The motion and trial courts properly denied defendant's motions, made on the ground of failure to provide notice pursuant to CPL 710.30(1)(a), for preclusion of a statement made by defendant in the course of an unrelated drug transaction. During this transaction, defendant volunteered, to an undercover officer having no knowledge of the instant assault case, that he had shot a girl on Valentine Avenue. Although this admission was a statement of fact, it was made in the course of the commission of a crime and there was "no question of voluntariness" ( People v. Rodney, 85 N.Y.2d 289, 293) requiring 710.30(1)(a) notice or a suppression hearing ( see e.g. People v. King, 284 A.D.2d 995; People v. Copes, 200 A.D.2d 680, lv denied 85 N.Y.2d 861; People v. Clark, 198 A.D.2d 46, lv denied 83 N.Y.2d 870; compare People v. Chase, 85 N.Y.2d 493, 499-500 [post-crime, custodial statement claimed by prosecution to be spontaneous not exempt from notice requirement]).
The hearing court properly denied defendant's motion to suppress the victim's identification of him as fruit of an unlawful arrest. Defendant concedes that there was probable cause to arrest a person bearing defendant's name and known as "Little" by both the assault victim and by narcotics officers conducting a long-term investigation, but argues that there was no evidence that the police believed defendant to be that person at the time of his arrest.
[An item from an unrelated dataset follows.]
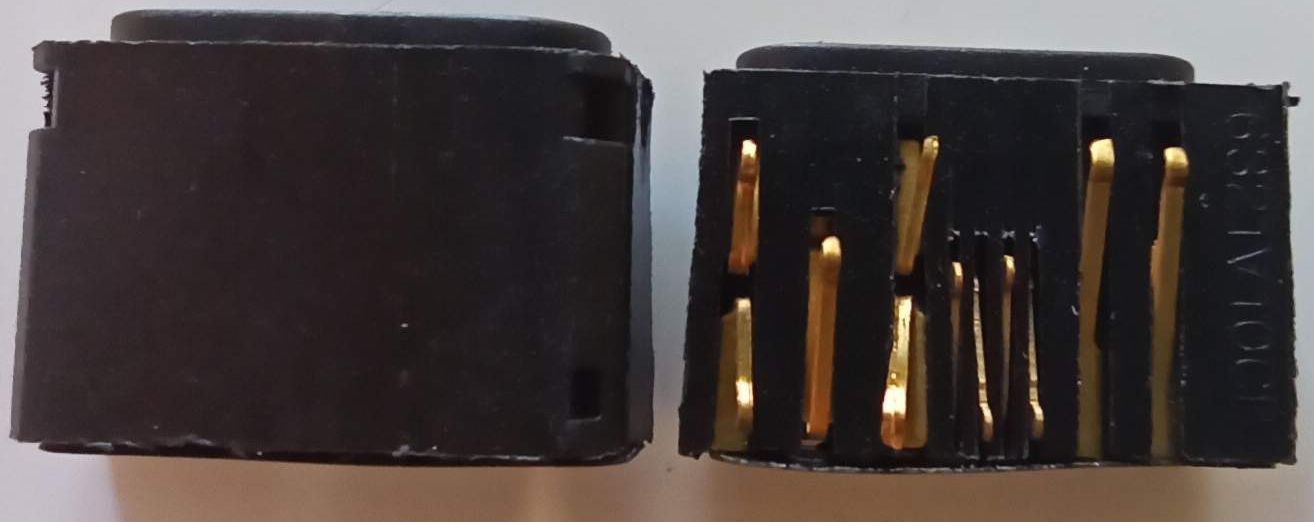 Разъем №159 для Nokia 6030/1110/1112/1600/2310/2610/6060…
However, the circumstances of the arrest, including police contact with and surveillance of defendant in connection with the drug investigation, lead to an inescapable inference that both the narcotics officers and the arresting detective knew that defendant was the person being sought ( see People v. Gonzalez, 91 N.Y.2d 909).
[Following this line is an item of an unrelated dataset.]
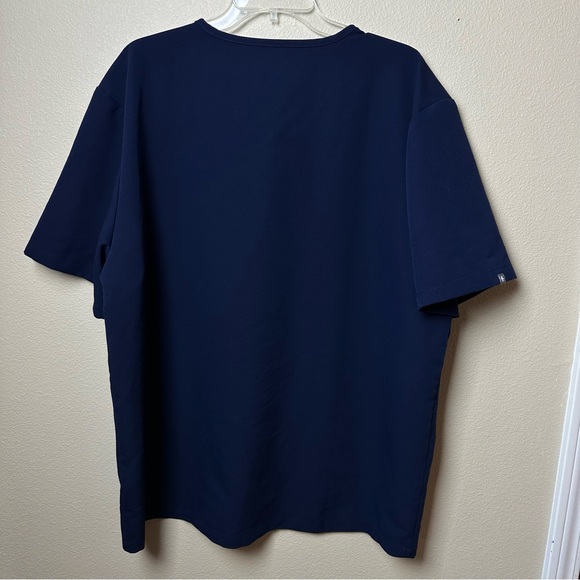 FIGS Mens Leon XXL - Navy - Picture 3 of 4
The hearing court properly exercised its discretion in imposing reasonable limits on the cross-examination of the arresting officer ( see People v. Perciballi, 291 A.D.2d 360, 361, lv denied 98 N.Y.2d 654). There was no impairment of defendant's ability to litigate the material issues.
The procedure under which defendant was sentenced as a persistent violent felony offender was not unconstitutional ( compare Almendarez-Torres v. United States, 523 U.S. 224, with Apprendi v. New Jersey, 530 U.S. 466).
We have considered and rejected defendant's remaining claims.
THIS CONSTITUTES THE DECISION AND ORDER OF THE SUPREME COURT, APPELLATE DIVISION, FIRST DEPARTMENT.